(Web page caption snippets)
____________________

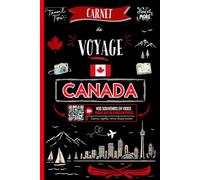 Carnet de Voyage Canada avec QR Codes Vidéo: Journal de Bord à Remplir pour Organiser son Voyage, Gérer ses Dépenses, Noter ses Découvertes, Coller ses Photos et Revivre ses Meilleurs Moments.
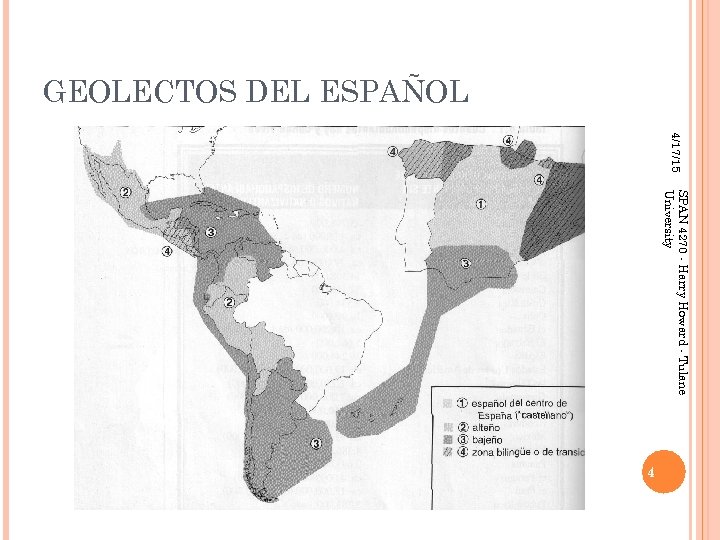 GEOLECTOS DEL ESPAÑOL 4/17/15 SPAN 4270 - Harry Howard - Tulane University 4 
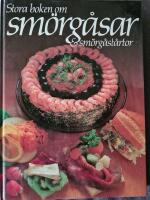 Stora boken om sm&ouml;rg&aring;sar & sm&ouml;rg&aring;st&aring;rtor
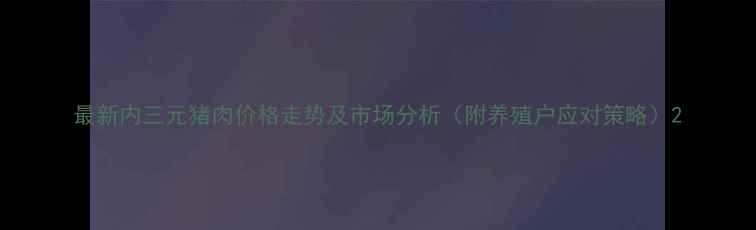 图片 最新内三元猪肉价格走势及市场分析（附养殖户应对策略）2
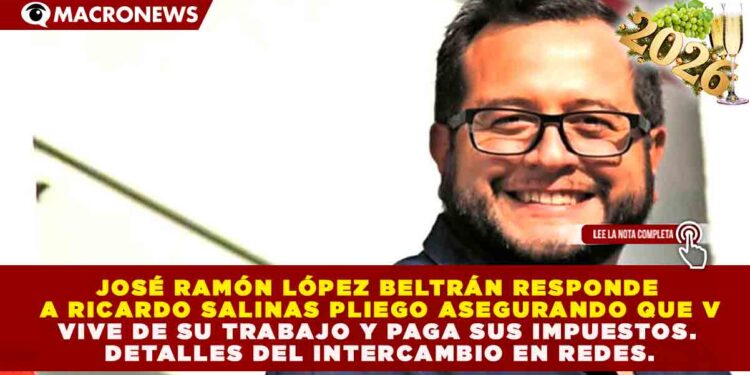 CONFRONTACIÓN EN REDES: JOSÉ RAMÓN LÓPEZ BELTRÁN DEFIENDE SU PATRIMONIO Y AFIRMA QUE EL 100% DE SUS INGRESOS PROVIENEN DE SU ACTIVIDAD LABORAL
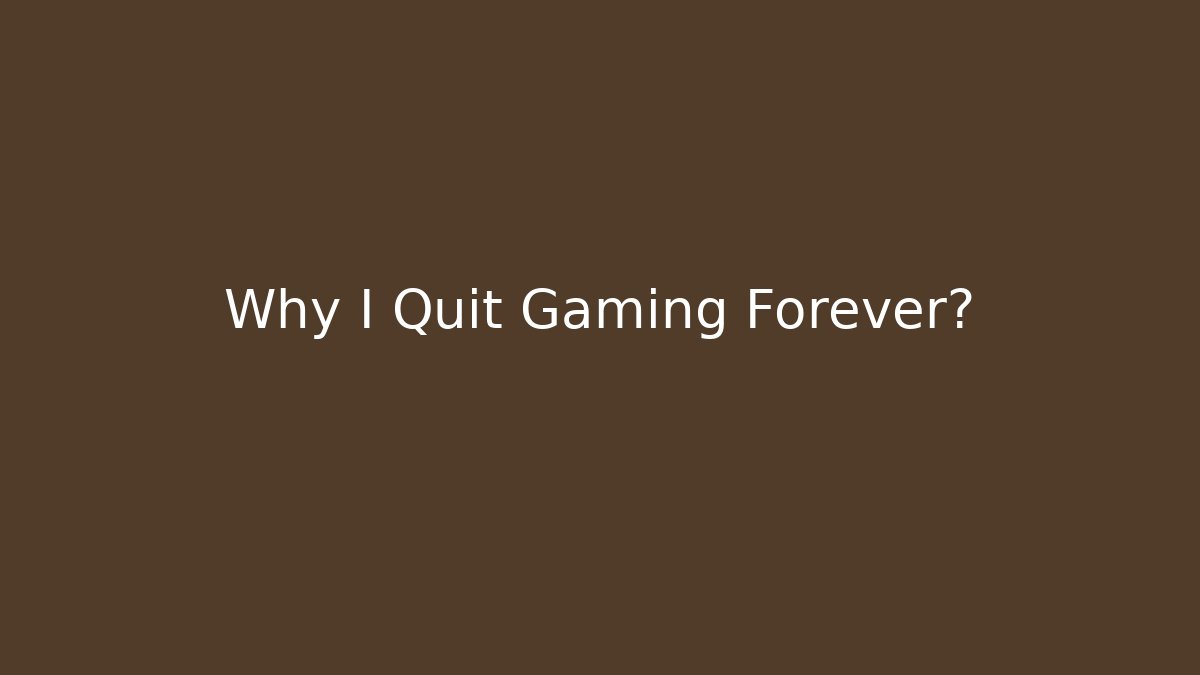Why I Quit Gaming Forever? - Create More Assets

____________________

- Required action
Extract, verbatim and alone, the lines from the line that contains "CONFRONTACIÓN EN REDES: JOSÉ" to the last line of the records, inclusive; drop any picture.

- Answer space
 CONFRONTACIÓN EN REDES: JOSÉ RAMÓN LÓPEZ BELTRÁN DEFIENDE SU PATRIMONIO Y AFIRMA QUE EL 100% DE SUS INGRESOS PROVIENEN DE SU ACTIVIDAD LABORAL
Why I Quit Gaming Forever? - Create More Assets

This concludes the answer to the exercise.